# alternate careers..



## thebighat (Feb 21, 2001)

If you weren't doing what you are doing, what would you really like to be doing? 

I would like to be a luthier, and work in a clean, well-lighted place, with the smell of hide glue and varnish, and the hissing sound of a well tuned plane cutting thinner-than-paper shavings from 200 year old spruce from a Bavarian forest.


----------



## kokopuffs (Aug 4, 2000)

Me, I'd either be a ranger for BLM or a professional pool player.


----------



## momoreg (Mar 4, 2000)

A fitness professional, of course. :bounce:


----------



## gilbear (Sep 19, 2003)

I'd like to be a BLUES BROTHER! Like Jake, only alive! 
"C'mon...Baby don't ya wanna go?
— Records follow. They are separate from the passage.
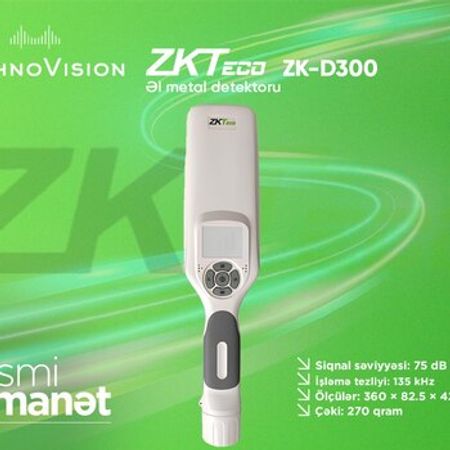 ZKTeco ZK-D300 hand held metal detector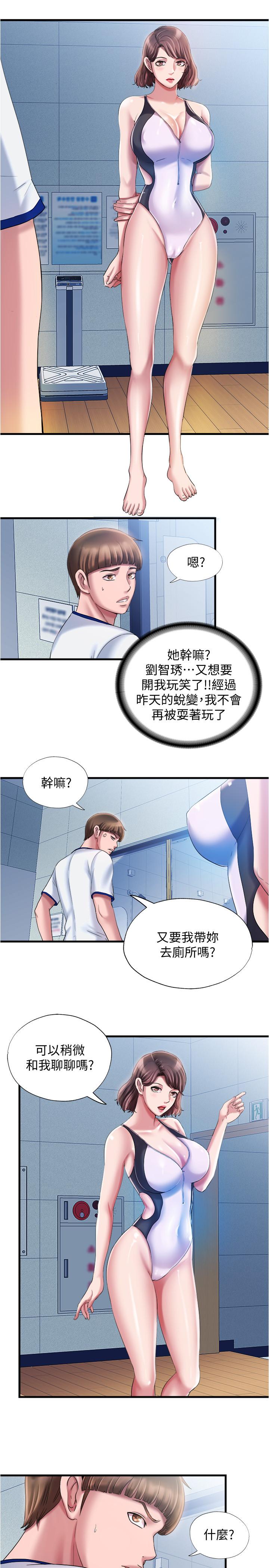 韩国漫画满溢游泳池韩漫_满溢游泳池-第15话-和阿姨的关系无法隐藏在线免费阅读-韩国漫画-第21张图片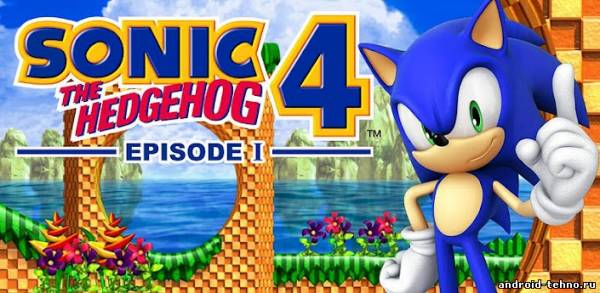 Sonic 4 Episode - Знаменитая аркада для андроид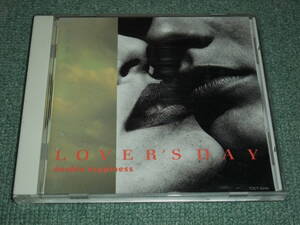 ★即決★【BOOWY~インストアレンジCD】ラバーズデイ,氷室京介■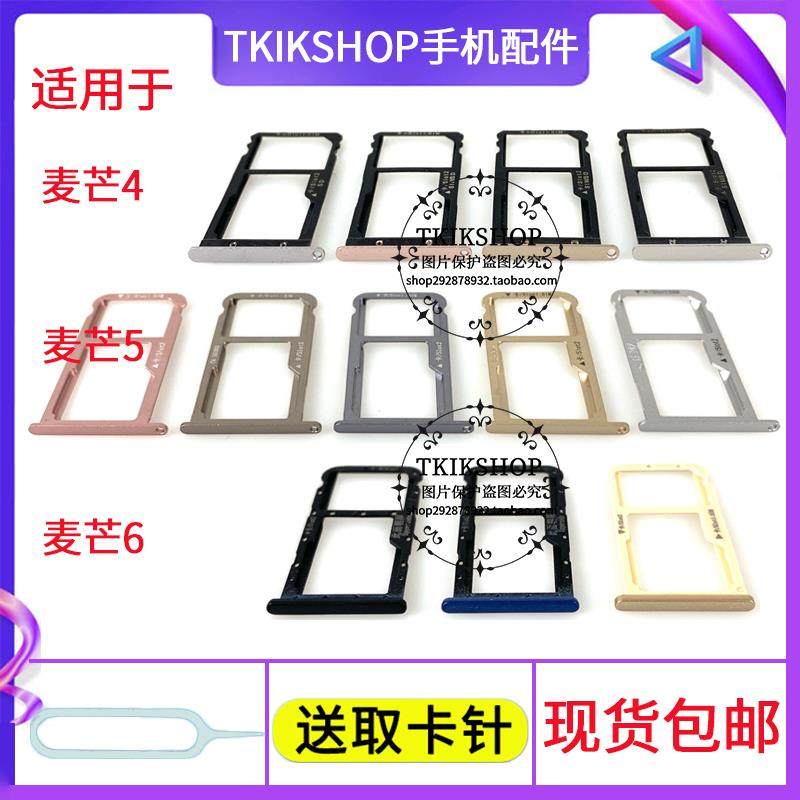 适用于华为麦芒4 3 7 麦芒5 6 8 G7Plus G9Plus麦芒9卡托手机卡槽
Down to the same old place... Sweet Home, Chicago!" :smoking:


----------



## headless chicken (Apr 28, 2003)

I've always wanted to be a commercial pilot. Travel the world and see the sky the way few have seen it. 
I almost got into computer assembly but turned it into more of an interest/hobby.


----------



## chrose (Nov 20, 2000)

Interesting timing TBH, a coworker of mine brought in his sons gutar for me to tune today (the kid is 6 and dad doesn't have a clue) anyway it was a cheap guitar, buzzing, intonation out of whack etc. I fixed it up and he asked me where I learned to do that. I told him it was just years of playing guitar, to my point many moons ago I too wanted to be a Luthier, I even looked into going to school for it, but like a lot of things, it too went by the wayside.
To answer the question now, I would like to be a writer, food preferably or a chocolatier that didn't have to worry about the rent!


----------



## thebighat (Feb 21, 2001)

Want to read something that will make you crazy? I think it's called Making a Guitar, by Cumpiano and Natelson.


----------



## mezzaluna (Aug 29, 2000)

I'd like to be a travel and food writer maybe, or find a way to just travel and be paid for it!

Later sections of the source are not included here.